A majority on the Pinellas board still oppose the sale.
“I'm even more dedicated to keeping ownership in Pinellas County,” Commissioner Karen Seel said.
Pinellas County bought the ranch in central Pasco County 37 years ago during Tampa Bay's “water wars,” when area governments were scrambling to secure future water supplies for their residents.
Seventeen wells were dug on the former cattle pasture and citrus grove. At their peak, the wells pumped 30 million gallons of water a day from the Floridan aquifer. Now, the wells are owned by Tampa Bay Water, and their importance to the region's water supply has decreased, as the agency relies more on rivers, reservoirs and sources other than well fields.
“We're all in a much different world right now,” said Honey Rand, who wrote a book on Tampa Bay's water wars. “Politically, everybody's in a different place.”
But Seel and other commissioners are reluctant to part with the property — in case the regional water authority ever breaks apart. “Why would we give up land that has water on it?” she asked.
Doug Hanson, an attorney who helped negotiate the original Tampa Bay Water agreement, said the contract was designed “to make it virtually impossible to deconstruct Tampa Bay Water.”
He said as long as Pasco County doesn't try to pump more water out of the well fields, there's very little risk to Pinellas County. “The possibility of Pinellas being able to use those well fields for its own use in the future is very low,” he said.
Pasco County commissioners want to use funding from the next cycle of Penny for Pasco — it has $45 million earmarked for environmental land acquisition — to buy the property and open it to the public.
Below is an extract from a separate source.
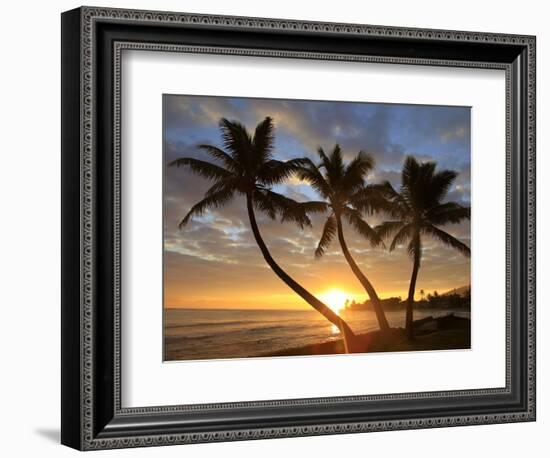 Sunrise, Windward Oahu, Hawaii-Douglas Peebles-Framed Photographic Print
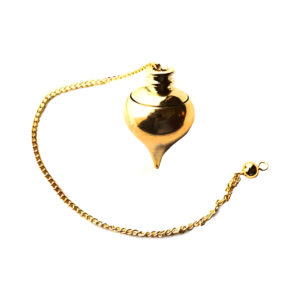 gold plated pendulum w Compartment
Currently, the only Pasco residents who are permitted to enjoy the property are middle school students who attend field trips to the learning center there once a year.
“People ought to be able to see this,” Chairman Ken Welch said as he gazed out at a field of wildflowers. “Pasco will do the appropriate thing as far as preserving it. For me, it's more a question of home-rule. I understand where Pasco is coming from.”
Regular audits by the Florida Inspector General found that, during a 12-year period ending in 2012, expenses at the ranch outweighed revenue by $1.1 million. Timber, cattle and pine straw operations, which help offset the cost of maintaining the property, turned a profit this year.
Commissioner Janet Long said she understands why Pasco wants the land. “I feel more strongly now that I've seen it,” she said. “I wouldn't be in favor of selling this land — especially now that it's entering into a profit mode with timber and pine straw.”
Commissioner Susan Latvala, who chairs Tampa Bay Water, supports the sale. “This was done for the right reason at the time, but we no longer need it for our ratepayers,” she said. “I think it's a win-win for both counties. My goal is that we make sure it's preserved forever and not sold for development.”
The land is valued at $57 million by the Pasco County property appraiser. “They have the money now,” Latvala said. “If they spend it on something else, when will they ever have that money again?”
Commissioner Charlie Justice said the county needs to get a new appraisal. “I feel relatively secure that we'll have access to the water through Tampa Bay Water,” he said. “My number one concern is getting a fair value for our citizens.”
Commissioner Norm Roche did not attend the tour but has opposed selling the property to Pasco.
Commissioner John Morroni, who could be the deciding vote, said he arrived at the ranch Thursday with an open mind. After the tour, he said he's leaning against the sale. “This is a heck of a piece of property,” he said. “I don't want to let this drag on. Let's get this on the table and make a decision in the next few months.”